Monday, January 16, 2012

Havana Good Time

Back from Havana.
There is so much I think and feel about the trip, but few words. It’s partly about being in a place where the living is different, and finding no way to communicate deeply about it with the people there. Of course it is. It’s difficult to talk in a deep way  with neighbours and co-workers and friends lots of the time - about how they live, what they feel about their community and government, the quality of life.
But even when it seemed possible, and respectful, to ask a probing question, it was difficult  – because of language, because of time, because I know myself to be instantly on the other side of many divides. And maybe it’s not so that every Cuban I encountered saw me was a foreigner, as someone with different ways, values, priorities, a different kind of importance, a different kind of nuisance. But there were all the barriers inside my own head: What’s someone going to ask me to give them, or buy from them? What’s the Spanish word for this? Am I being friendly, unfriendly, rude, too easy? Would it be okay to ask...?
I tried speaking and responding to almost everyone, and I tried being much less responsive, which meant ignoring a lot of the calls and questions: Taxi? Where you from? Do you want cigars? But looking back, I see I was mostly on the receptive end of exchanges, not getting in lots of questions myself. And when I did, there was the language, the time and the circumstances.
And still, good connections were made – with wonderful Tamara in our hotel, helping us negotiate with cabbies and travel agency reps, and Alex, the brother who approached us in the square and whom we encountered every other day, who coaxed us about going to his club, and to one of the Paladors – the private kitchens that serve up meals, and Felipe, the pedi-cab rider who warned us against police and walking in certain sections after dark. I had a brief chat with Ramses Rodriguez, the drummer, and chats with a few other tourists, from Canada, the US, Denmark, Iran.

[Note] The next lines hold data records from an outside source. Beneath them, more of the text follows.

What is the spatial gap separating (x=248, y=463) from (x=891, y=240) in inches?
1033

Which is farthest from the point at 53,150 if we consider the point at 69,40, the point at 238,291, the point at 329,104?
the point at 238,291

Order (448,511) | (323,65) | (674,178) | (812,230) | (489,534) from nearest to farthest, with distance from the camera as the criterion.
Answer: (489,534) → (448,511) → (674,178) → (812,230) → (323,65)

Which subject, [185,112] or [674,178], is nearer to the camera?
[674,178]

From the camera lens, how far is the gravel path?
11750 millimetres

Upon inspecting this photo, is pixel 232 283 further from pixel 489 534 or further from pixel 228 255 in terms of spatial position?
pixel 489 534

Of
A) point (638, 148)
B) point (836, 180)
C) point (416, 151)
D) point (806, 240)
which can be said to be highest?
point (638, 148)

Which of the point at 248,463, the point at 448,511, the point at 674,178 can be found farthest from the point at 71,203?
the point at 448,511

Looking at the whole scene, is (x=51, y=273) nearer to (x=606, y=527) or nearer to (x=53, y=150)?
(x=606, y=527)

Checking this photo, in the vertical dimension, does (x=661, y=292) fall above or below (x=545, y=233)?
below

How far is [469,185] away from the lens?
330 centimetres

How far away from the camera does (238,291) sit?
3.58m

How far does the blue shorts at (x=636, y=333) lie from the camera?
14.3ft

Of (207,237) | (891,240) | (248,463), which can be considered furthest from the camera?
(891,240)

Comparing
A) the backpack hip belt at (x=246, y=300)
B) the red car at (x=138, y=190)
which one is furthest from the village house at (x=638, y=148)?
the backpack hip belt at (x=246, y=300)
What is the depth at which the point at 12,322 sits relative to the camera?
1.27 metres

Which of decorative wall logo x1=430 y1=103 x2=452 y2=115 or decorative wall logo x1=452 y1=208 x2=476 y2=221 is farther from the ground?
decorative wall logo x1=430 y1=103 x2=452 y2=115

But the really social part of being on vacation was being with Ponczka, my Bardzo, my Running Buddy, my Woman, my Love, My Marzena, my Sweet Hamburguesa (her latest nickname, Spanish for hamburger – with the “h”  silent). We have such a good time together I can hardly get over it. We walked up and down, though mostly in Veija Habana – the Old Towne. We saw some of Centro, and the Jazz clubs were both in Vedano, and we did the double-decker bus tour, but it was mostly between the water and the main drag that Includes, Centro Park, the Telegrafo Hotel, where we spent our first night, the Capitolio and the Opera House.
Ponczka is my perfect travel companion. We make a nice pace together. And we manage to balance her desire to plan every step of our itinerary against my desire to roam aimlessly, her desire to snap photos with mine to sit with a coffee on a patio, my want of jazz, hers of elegant old buildings.
We ate well and simply. We’d heard and read that the food options were poor in Havana, but there was really fresh and tasty fish everywhere, and the prices – even in the Tourist Pecos – were very reasonable. And the flip side of food not being a central attraction is that I actually lost weight during a vacation.
There’s one thing that irks me, and that has led to a new commitment when travelling in less developed countries from now on. No more bargaining with artists. It becomes kind of an irresistible habit to bargain when you know you’re in an area designed to separate tourists from as much of their money as possible, especially after you discover that vendors will usually snap up an offer of half, as though they want to finish the transaction before you change your mind.
But even at the prices asked for, the art – and there was lots of good art in the tiny galleries in doorways and former store rooms – comes really cheaply. Since getting back home the other day, as we build and mount frames for the canvases we brought, I know that we got by far the better end of the art transactions. Ponczka feels this too, though, as a painter who herself works shows where she has to fend off low offers, she’s much more tenacious a bargainer than I am.
But we realize that it would be a huge support to these artists we meet and admire, if we paid them according the valuation their work would have in our market, rather than in theirs. So that’s what we’ve resolved to do. When we see art in less developed  areas, and appreciate it as art – not merely quickly produced copy work – we will pay for art, and feel more deserving of what hangs on our walls.